I live in Florida and currently have a deck support by ten 9" round, 10' high pilings. The outer ledge boards are double 2x10x10 bolted to the piling which are notched to accommodate the double 2x10s.

The current deck is only 5.5' wide. The pilings are spaced 9 feet apart with one piling on each side of the deck every 9 feet to support it. I only want to extend the deck 30".

Instead of tearing the whole deck off and redoing the supports to cantilever it which can only be 24", I thought I could use 2x10s for a knee brace on each side of the piling and run 14" galvanized bolts through it. Then I would run a 2×10 parallel to the house on top of the knee brace on the outside and use lag screws to attach it to the knee brace. Then use 2x8x30" long with galvanized joist hangers to attach to the existing double 2×10 which is resting in a slotted space on the piling and bolted to it And the 2×10 bolted on top the knee brace.
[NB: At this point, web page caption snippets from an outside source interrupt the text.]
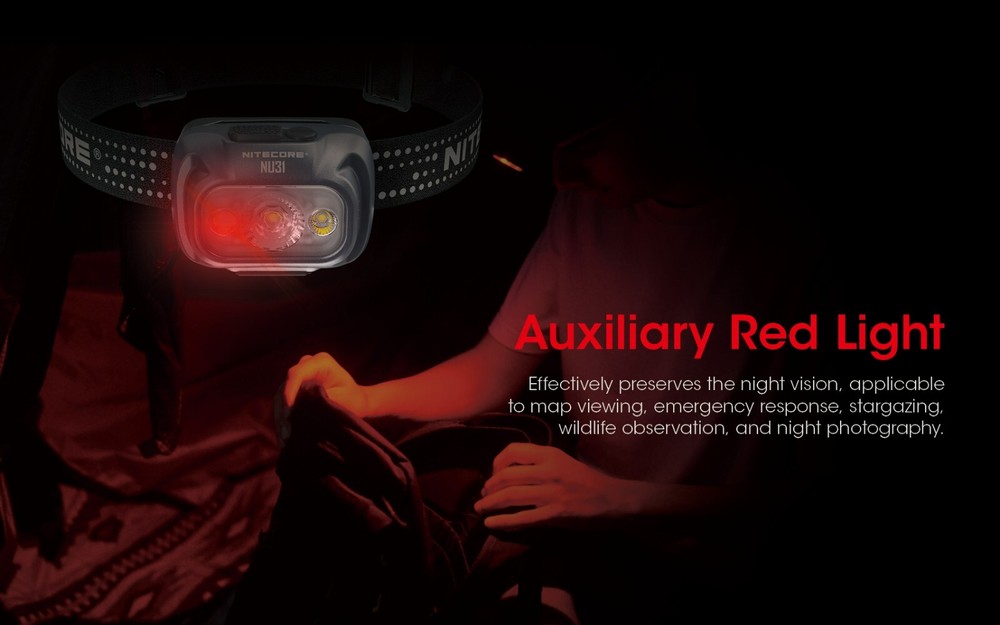 NITECORE NU31 550 Lumen LED Rechargeable Headlamp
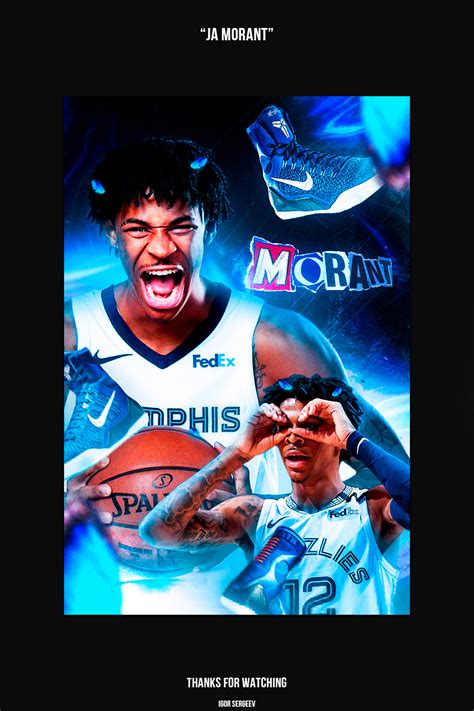 Ja Morant poster on Behance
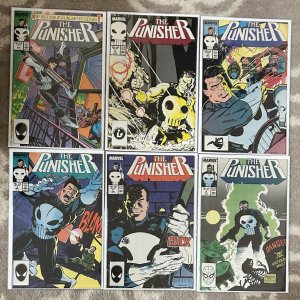 The Punisher #1,2,3,4,5,6 Series 2 Lot NM- Klaus Janson Marvel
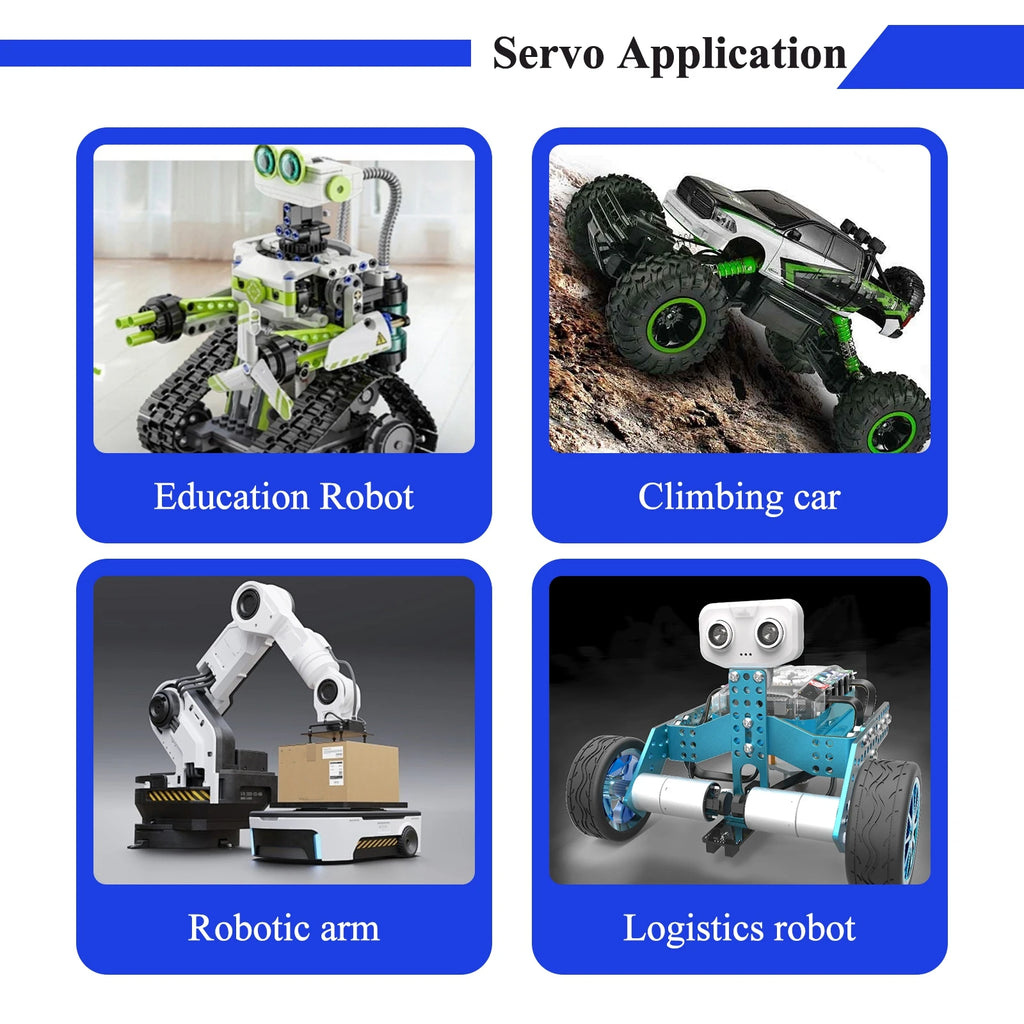 Feetech FS90R RC Servo 1.5KG 4.8-6V 360 Degree Continuous Rotation Micro Motor Wheel for Smart Robot Microbit RC Car Boat Drones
____________________________
        | <-- hanger      |/|
    old | new             |/|
  joist | joist           |/|
________|_________________|/|
|   |/|/|             /     /          
|   |/|/|            /     /                
|   |/|/| <-- beam  /     / <-- knee brace      
|   |/|/|          /     /                 
|   |_|_|         /     /
|       |
|       | <-- piling
|       |
|       |

Do you think this would work or do you have any other ideas?


To answer some of your questions. The pilings are pressure treated wood telephone poles. They are 9" round. I have attached a side view of the knee brace I'm considering using,

enter image description here

Best Answer

That seems reasonable, but your local inspection office is the ultimate authority. You should sketch it up and meet with an inspector.

I'd be a bit concerned about drilling completely through the pilings, though (which I assume are concrete). That's a lot of rough treatment for a relatively thin structure. Instead, I'd use expanding anchors and lag screws.

You'd also have to connect the top of the knee brace to either the pilings or the existing joists to keep it from rotating outward.